2- Mahkemece, ” taraflar arasında, fiziksel engel olmamasına rağmen cinsel birliktelik yaşanmaması nedeni ile tarafların birbirlerini suçladıkları, bu nedenle aralarında sorun yaşandığı, her iki tarafında üçüncü kişilerin bu durumu bilmesinden kaynaklı incindikleri, davacının ayrıca fiziksel şiddete maruz kaldığı” gerekçesiyle tarafların boşanmaya sebep olan olaylarda eşit kusurlu oldukları kabul edilerek kadının manevi tazminat (TMK m. 174/2) talebinin reddine karar verilmiş ise de; mahkemece kabul edilen ve tarafların gerçekleşen bu kusurlu davranışlarına göre davalı- davacı erkeğin davacı-davalı kadına nazaran boşanmaya sebep olan olaylarda ağır kusurlu olduğunun kabulü gerekir. Boşanmaya sebep olan olaylar kadının kişilik haklarına saldırı niteliğinde olup; tarafların sosyal ve ekonomik durumları, tazminata esas olan fiilin ağırlığı ile hakkaniyet kuralları (TMK m. 4, TBK m. 50,51) dikkate alınarak kadın yararına uygun miktarda manevi tazminata hükmedilmesi gerekirken, hatalı kusur belirlemesinin sonucu olarak yazılı şekilde hüküm kurulması doğru görülmemiştir.

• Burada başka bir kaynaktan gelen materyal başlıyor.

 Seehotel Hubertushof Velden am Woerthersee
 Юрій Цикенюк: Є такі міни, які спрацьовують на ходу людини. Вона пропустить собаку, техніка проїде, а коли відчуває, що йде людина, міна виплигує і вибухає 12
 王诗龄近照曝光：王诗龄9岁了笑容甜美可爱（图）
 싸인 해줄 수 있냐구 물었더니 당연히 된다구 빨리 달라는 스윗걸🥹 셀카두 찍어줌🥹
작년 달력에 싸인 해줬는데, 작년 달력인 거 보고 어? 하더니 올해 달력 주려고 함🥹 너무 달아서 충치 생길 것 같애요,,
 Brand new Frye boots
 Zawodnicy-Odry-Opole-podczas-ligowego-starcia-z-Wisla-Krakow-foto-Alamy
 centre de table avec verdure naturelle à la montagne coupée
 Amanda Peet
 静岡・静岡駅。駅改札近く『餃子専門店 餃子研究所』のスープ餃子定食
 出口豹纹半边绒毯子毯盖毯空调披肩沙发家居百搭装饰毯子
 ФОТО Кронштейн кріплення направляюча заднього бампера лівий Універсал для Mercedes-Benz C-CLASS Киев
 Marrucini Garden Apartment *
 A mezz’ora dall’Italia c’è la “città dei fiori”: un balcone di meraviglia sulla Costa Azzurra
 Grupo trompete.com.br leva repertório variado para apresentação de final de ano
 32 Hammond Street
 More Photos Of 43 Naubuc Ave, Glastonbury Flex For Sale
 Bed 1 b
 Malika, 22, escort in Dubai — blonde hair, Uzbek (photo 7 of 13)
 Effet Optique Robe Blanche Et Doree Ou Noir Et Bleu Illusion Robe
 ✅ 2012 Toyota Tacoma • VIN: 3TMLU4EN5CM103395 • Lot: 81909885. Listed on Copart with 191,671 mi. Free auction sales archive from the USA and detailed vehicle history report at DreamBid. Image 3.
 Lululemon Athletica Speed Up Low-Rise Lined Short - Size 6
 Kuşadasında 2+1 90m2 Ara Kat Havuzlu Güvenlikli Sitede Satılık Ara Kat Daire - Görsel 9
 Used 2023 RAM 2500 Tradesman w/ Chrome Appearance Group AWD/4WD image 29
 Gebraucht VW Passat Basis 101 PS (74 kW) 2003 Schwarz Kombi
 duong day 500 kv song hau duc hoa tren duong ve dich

3- Taraflardan her biri, yapmış olduğu usul işlemlerini kısmen veya tamamen ıslah edebilir (HMK m. 176/1). Islah, tahkikatın sona ermesine kadar yapılabilir (HMK m. 177/1).
HMK’nun 176 vd. maddelerinde, ıslahın harca tabi olacağına ilişkin bir düzenleme bulunmamaktadır. 492 sayılı Harçlar Kanunu’nda da “ıslah harcı” şeklinde bir harç türü yer almamaktadır. O halde sırf ıslah istemi sebebiyle harç alınamaz.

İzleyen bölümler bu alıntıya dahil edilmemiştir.